Democratic Sen. Amy Klobuchar launched her campaign for Minnesota governor on Jan. 29, seeking to protect her party’s hold on the office after Tim Walz abandoned his bid for a third term.
The senator’s announcement follows weeks of turmoil in her home state that included violent clashes between federal immigration agents and protesters, culminating in the killing of two Minnesotans who were U.S. citizens.
In a four-minute video announcing her campaign, Klobuchar said “we cannot sugarcoat how hard this is, but in these moments of enormous difficulty, we find strength in our Minnesota values of hard work, freedom and simple decency and goodwill.”
“These times call for leaders who can stand up and not be rubber stamps of this administration, but who are also willing to find common ground and fix things in our state,” she said.
The entrance of Klobuchar fundamentally alters the dynamic of the governor’s race. Instead of facing a polarizing second-term incumbent in Walz, Republicans are now bracing for a likely battle against the DFL’s most popular statewide politician. Klobuchar has won each of her Senate elections by wide margins and developed a reputation in Washington as a competent and ideologically moderate senator.

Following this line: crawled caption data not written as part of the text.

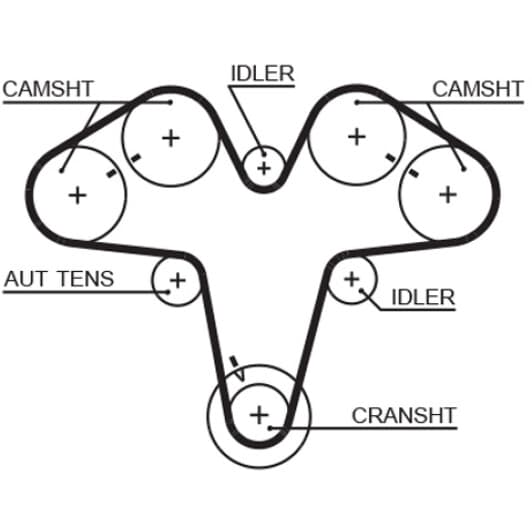 5476XS Gates Ремень ГРМ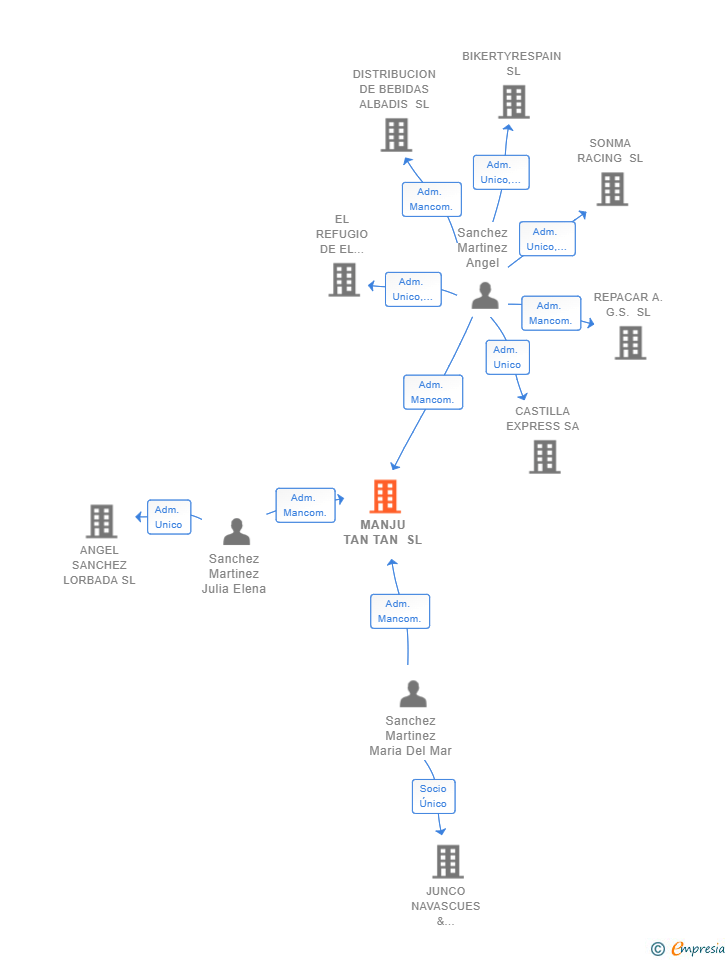 Vinculaciones societarias de MANJU TAN TAN SL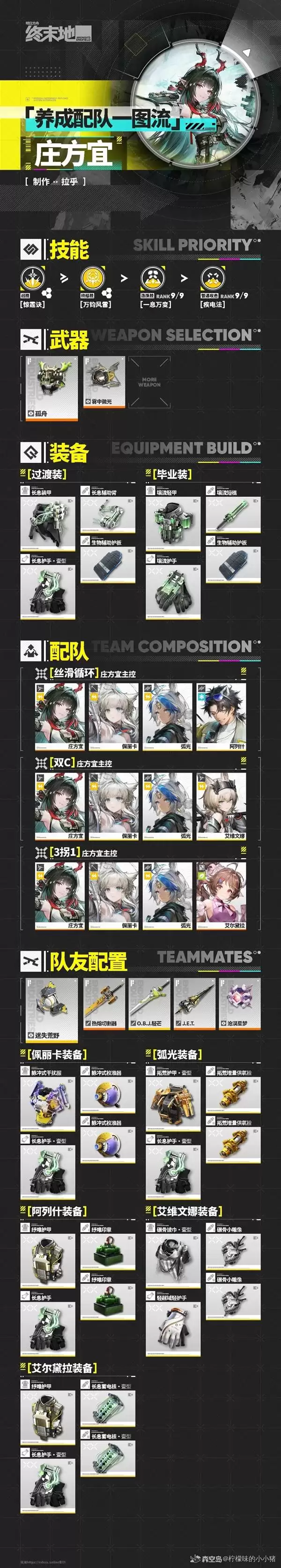 《明日方舟终末地》庄方宜出装配队一图流 庄方宜怎么培养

Her record could blunt some of the GOP’s usual lines of attack. The field of about a dozen Republicans running for governor are trying to make the 2026 election a referendum on the snowballing fraud crisis in the state’s social services programs. But tying that problem to Klobuchar, a federal lawmaker, could prove difficult.
Even so, Republicans are making the case that a Klobuchar governorship would be more of the same.
“Amy Klobuchar is Walz’s third term — same mindset, same excuses, same results. And voters already see it,“ Minnesota Republican Party Chair Alex Plechash said in a statement after Klobuchar filed paperwork to run for governor.